What Good Actually Looks Like
The fix is not complicated. Continuous air quality monitoring gives building managers data instead of assumptions. MERV 13 or higher filtration provides meaningful protection against particulate matter and airborne pathogens. Properly engineered mechanical ventilation ensures shared spaces are not accumulating hours of exhaled CO2.
None of this is experimental. It is widely deployed in high-performance commercial buildings, and within reach of any organization that chooses to prioritize it.
We regulate tap water to a standard that protects the most vulnerable, not the least. We do not accept assurances that the plumbing is “probably fine.” We measure it, certify it, and hold it to a standard. The air in those same buildings deserves the same treatment.
The Decision
The air in most workplaces is excluding countless people, right now. Not by design. By default.
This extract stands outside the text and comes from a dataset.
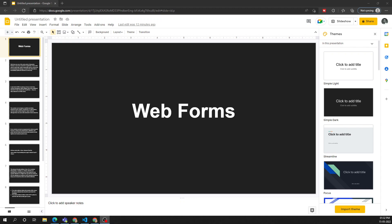Hi friends, this is Leela, welcome to my channel Leela WebDev. In this video we will learn about a new concept in HTML — that is web forms. So what are web forms and why do we need to use them?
It excludes the person with asthma who spends the afternoon foggy and breathless. The worker with VOC sensitivities who cannot be in the building on cleaning days. The immunocompromised employee who contracts an infection in a poorly ventilated meeting room.
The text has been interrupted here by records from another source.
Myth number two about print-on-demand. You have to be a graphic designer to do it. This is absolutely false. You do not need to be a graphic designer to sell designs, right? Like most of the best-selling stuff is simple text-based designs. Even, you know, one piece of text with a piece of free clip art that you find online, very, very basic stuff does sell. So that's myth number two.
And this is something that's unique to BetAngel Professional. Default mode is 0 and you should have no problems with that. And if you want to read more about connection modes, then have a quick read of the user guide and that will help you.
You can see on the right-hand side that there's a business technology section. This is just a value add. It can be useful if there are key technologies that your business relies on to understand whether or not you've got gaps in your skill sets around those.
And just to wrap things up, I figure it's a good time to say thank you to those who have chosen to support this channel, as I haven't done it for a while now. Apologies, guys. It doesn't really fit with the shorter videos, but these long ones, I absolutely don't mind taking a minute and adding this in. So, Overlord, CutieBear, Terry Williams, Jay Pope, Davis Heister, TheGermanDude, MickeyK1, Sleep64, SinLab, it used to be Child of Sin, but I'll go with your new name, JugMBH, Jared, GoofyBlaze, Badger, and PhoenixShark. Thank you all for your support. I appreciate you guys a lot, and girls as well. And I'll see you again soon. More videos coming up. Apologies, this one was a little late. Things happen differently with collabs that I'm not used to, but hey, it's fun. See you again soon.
None of this shows up in an accessibility audit or triggers a complaint. It is never fixed because it is invisible - and it stays invisible because nobody measures it.
The ramp did not appear because someone asked nicely. It appeared because someone decided exclusion was unacceptable. Make the same decision. Measure your air, fix what you find, and keep it that way.
Inspired by Plum Stone, founder and CEO of the Safer Air Project. A 20-year veteran of health policy, Plum is the primary driver of the conversation around IAQ as a critical inclusion issue. Through the Safer Air Project, she works to make indoor spaces healthy and accessible for everyone - especially those with chronic conditions.



Absolutely true! Just because we can't see it doesn't mean it doesn't affect us. Recently the change of seasons and no longer needing to run the furnace I switched off the heat not realizing it also turned off the fan which I run all the time to circulate the air in my home. For weeks I was sneezing and dealing with a constant runny nose. I didn't realize the air circulation had been turned off. I have a UVGI light in my return air duct and I was no longer feeling those benefits without the circulation of air. Once I realized the fan wasn't running it all made sense. Turned the fan back on and within hours the sneezing and constant runny nose ended!